Personally, I favor a massively downsized focus on the PB as CEO. I have mixed feelings about the PB keeping a See or resigning; more on that, if anyone wants to hear. But in any case, the PB should be the pastor to our bishops, the spokesperson for our church, and the leader of our bishops. Let’s get a General Secretary or Executive Director (not a CEO, please) to lead the church center staff. The PB needs a very small personal staff, and they should report to him or her; the rest of the denominational staff should report to a General Secretary who is accountable directly to Executive Council. We could get our General Secretary either through an election, a confirmed joint appointment from the PB/PHoD, or a standard job search with a Council hiring committee recommending to the entire Council. Let’s have our Primate focus on the work of sacramental and pastoral leadership, while our executive focuses on administration. This will give our staff some very clear lines of accountability, which they desperately need. If you wonder why our hard-working staff at 815 can’t get more done, it’s because they’re beholden to a PB, to Executive Council, to General Convention, to various CCABs, and to sundry self-appointed Very Important Stakeholders. We can fix that, which will be better for everyone.
Who could argue against a reduction of the number of Committees, Commissions, Agencies, and Boards? We have nearly 60 of them. It’s not always clear who does what, and lines of accountability are blurred. (Disclosure: I serve at Forward Movement, which is an agency of the church.) If our staff are freed to do more work, and if we appoint task forces focused on specific tasks, we simply won’t need as many committees. As TREC noted earlier, we can use more networks, some ad hoc, some organized, etc., to get stuff done.
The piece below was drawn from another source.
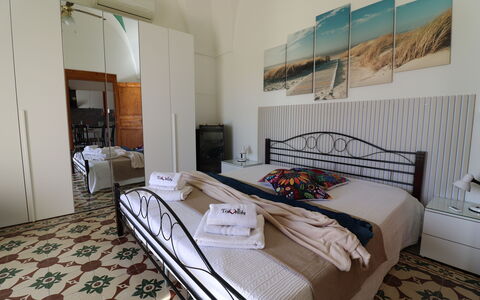 Galene'S Home: Mobilia, Pavimentazione, Pavimento, Interior Design, Camera Da Letto, Camera, Sedia, Letto, Biancheria, Appartamento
Down with corporate bureaucracy, up with mission-oriented flash mobs.
Pay attention to who says what (and why) in the coming months. At the last General Convention, we passed a resolution demanding change and then proceeded to vote down almost every substantive proposal for immediate change. We like the idea of change more than the practice of it. That cannot continue. We must change.
Notice who advocates change or the status quo. Lots of people are invested in claiming new power or keeping the power they have. We need to pay special attention to rare people who might be willing to relinquish power. Notice the subtleties: who wants to see voting, and who wants to see appointments. Why?
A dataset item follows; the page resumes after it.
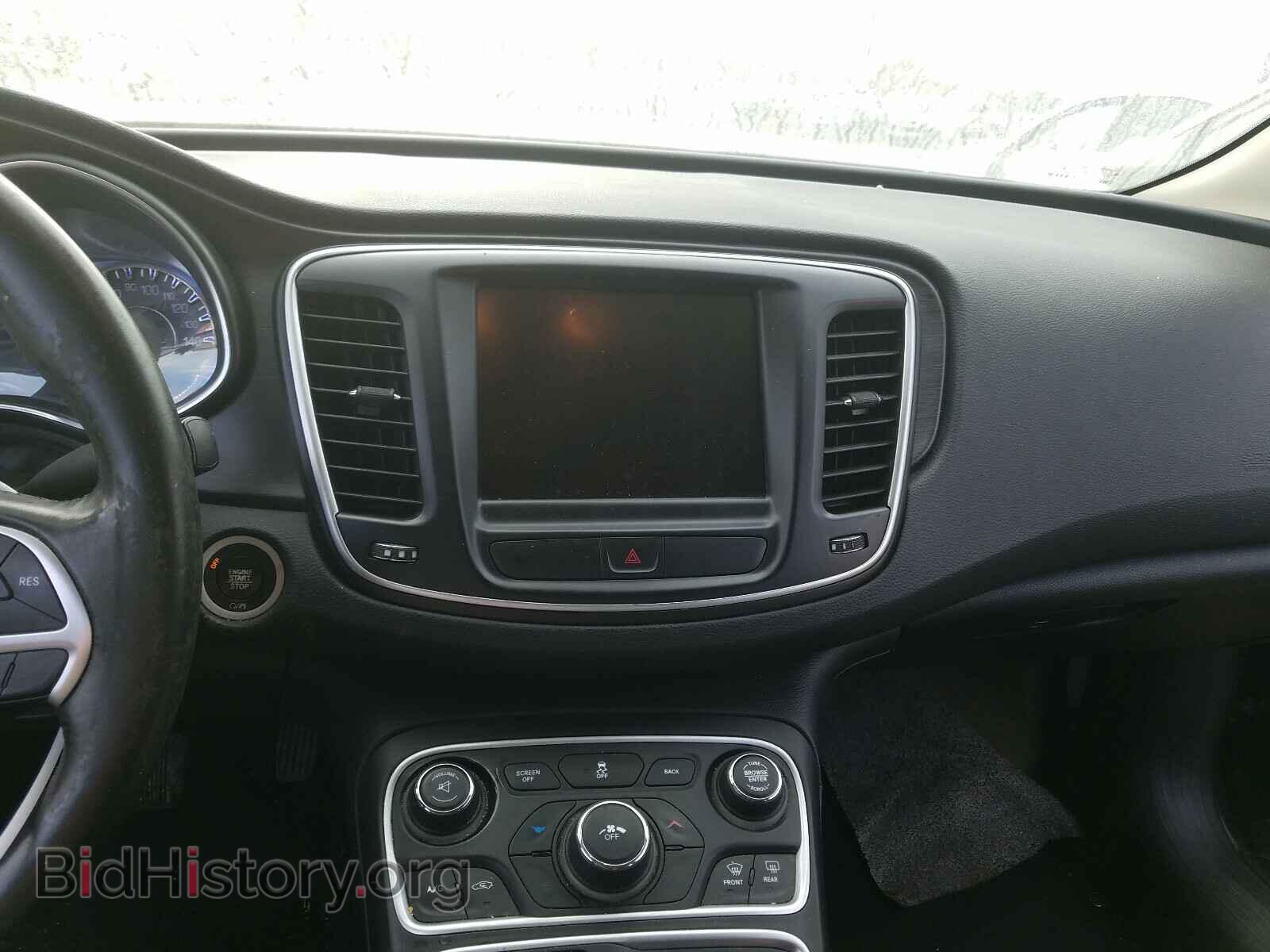 2017 CHRYSLER 200 - VIN: 1C3CCCAB9HN505415 - Фото 9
Beware of the canard about clericalism. Any effort to reduce committees or the size of General Convention will immediately cause certain folks to claim that bishops are grabbing power. (This is one reason why I propose a massive downsize of the House of Bishops at General Convention.) Maybe there is clericalism at work, and perhaps as a priest I’m blind to it. But maybe there are people invested in the current system, and “empowerment of the laity” is a convenient wedge to drive into the movement for change. Ask questions and notice connections.
I could say more, but this is enough to get us started. And I have a plane to catch.
To get this online before I board, I haven’t proofread any of this. Please forgive typos (or tell me about them in the comments.) I’ll edit and update in a few hours. Enjoy!